Stored data:
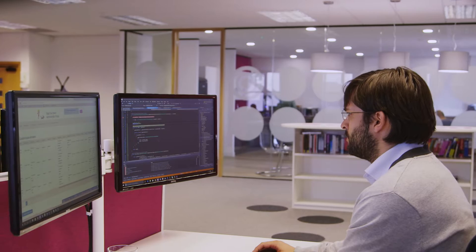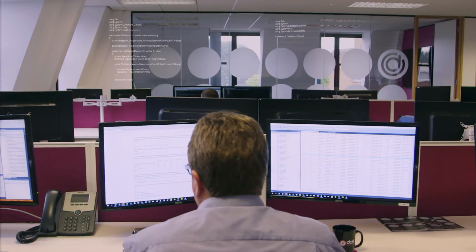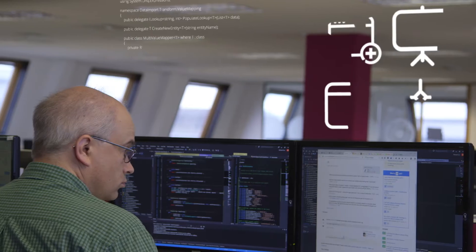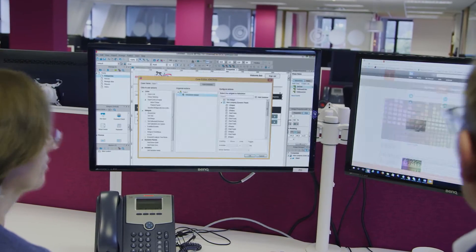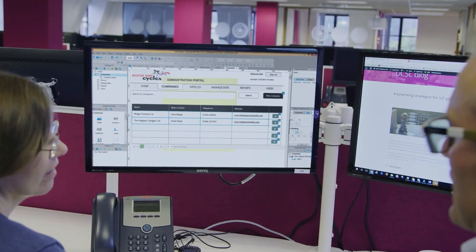We have a proven planning process which is unique to DCSL. It can be hard for our clients and their end users to visualize how the finished software is going to look and feel before it's actually built. So we use cutting-edge visual design tools where the clients can see all the screens and interactions come to life during these prototyping workshops.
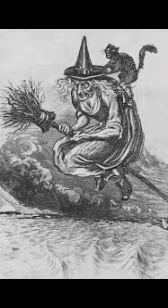Here's a common image of a mythological witch — you can see she's flying on a besom broom. It's a branch with twigs tied together with string, and this is what people usually think of when they think of a witch.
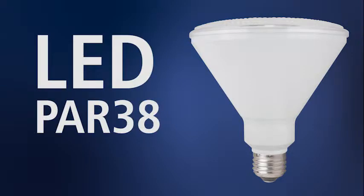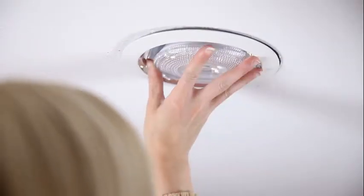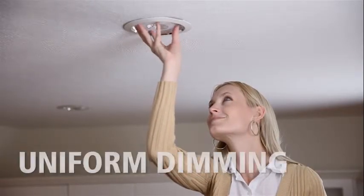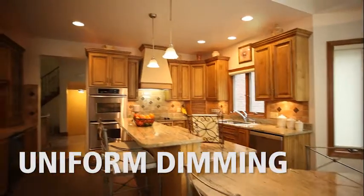The primary application for TCP's flood LED is in recessed lighting. It's the same soft white color as a traditional incandescent bulb. This LED bulb will dim on most incandescent dimmers.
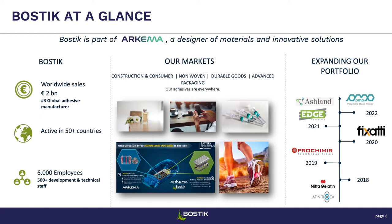Bostik has been expanding in the past few years through different acquisitions that enabled us to really widen our portfolio and better serve our customers' needs. More recently, we bought PMP, a Chinese company making hot melt polyurethane, and also Ege and Ashland, which were two big acquisitions for us.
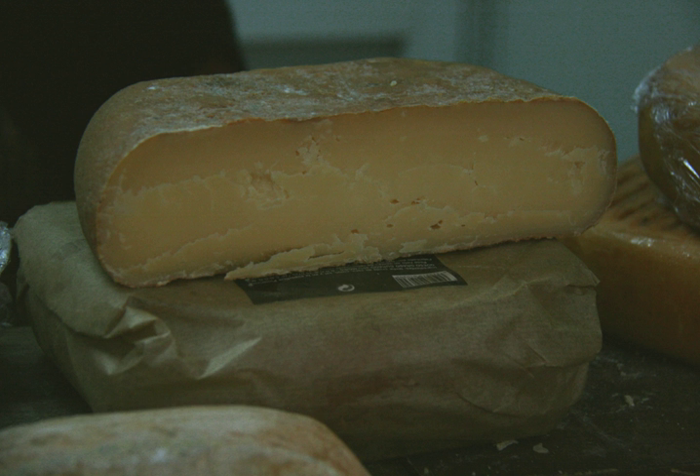Mallorca cheese is a Spanish cheese made exclusively on the island of Mallorca, one of the Balearic Islands in the Mediterranean Sea. It has protected designation of origin and is made from the pasteurized milk of cows, goats, and/or sheep which live on the island.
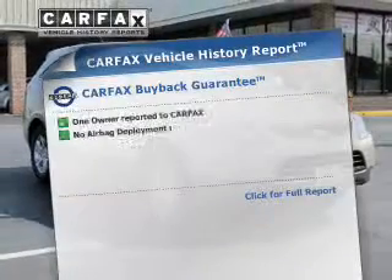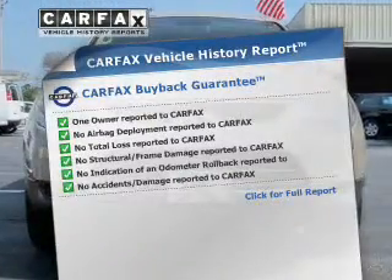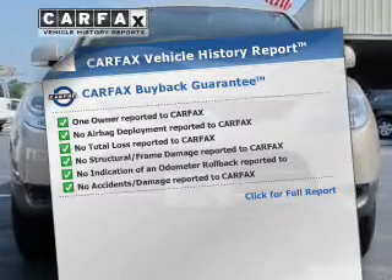This vehicle comes with a Carfax report, which reduces your buying risk by providing the vehicle's history before you purchase.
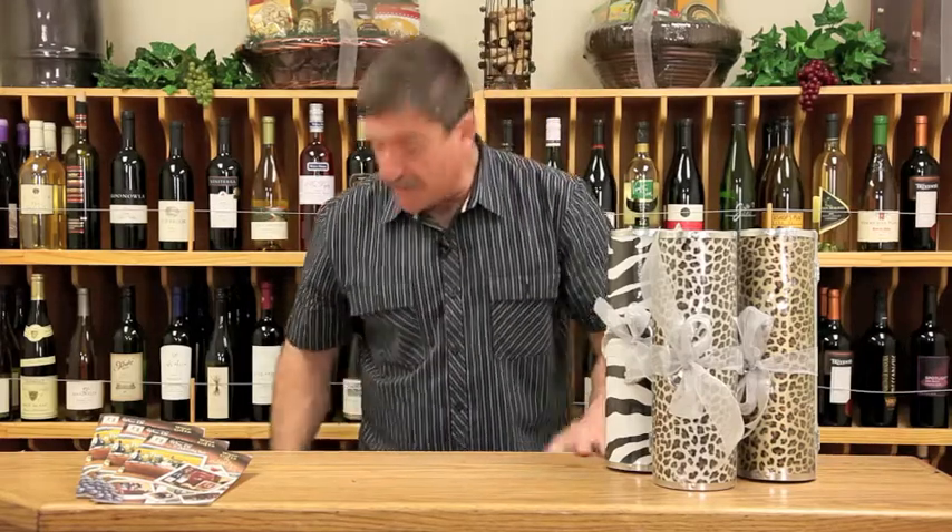All right, now we're moving on to page nine of our catalog. This is the Wine of the Month Club Christmas catalog and we have a return engagement from the Classy Girl Wine Tote.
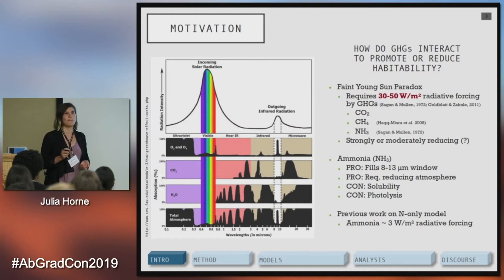Ammonia has some drawbacks: it is soluble in water and can get rained out, though a constant supply from biological or geologic systems can perpetuate its atmospheric pressure. It is also photolytically destroyed irreversibly in the atmosphere — incoming radiation breaks it apart, hydrogen escapes, and you're left with nitrogen. A previous undergrad student developed a background model using only nitrogen biogeochemical systems and found at least 3 watts per meter squared — about a tenth of what we need — but still promising.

§ TASK STATEMENT: Your task is to copy only the lines above starting at the one containing "This vehicle comes" and ending at the one containing "All right, now". Copy them exactly, both ends included, and omit the pictures.

§ REPLY TO THE EXERCISE:
This vehicle comes with a Carfax report, which reduces your buying risk by providing the vehicle's history before you purchase.
All right, now we're moving on to page nine of our catalog. This is the Wine of the Month Club Christmas catalog and we have a return engagement from the Classy Girl Wine Tote.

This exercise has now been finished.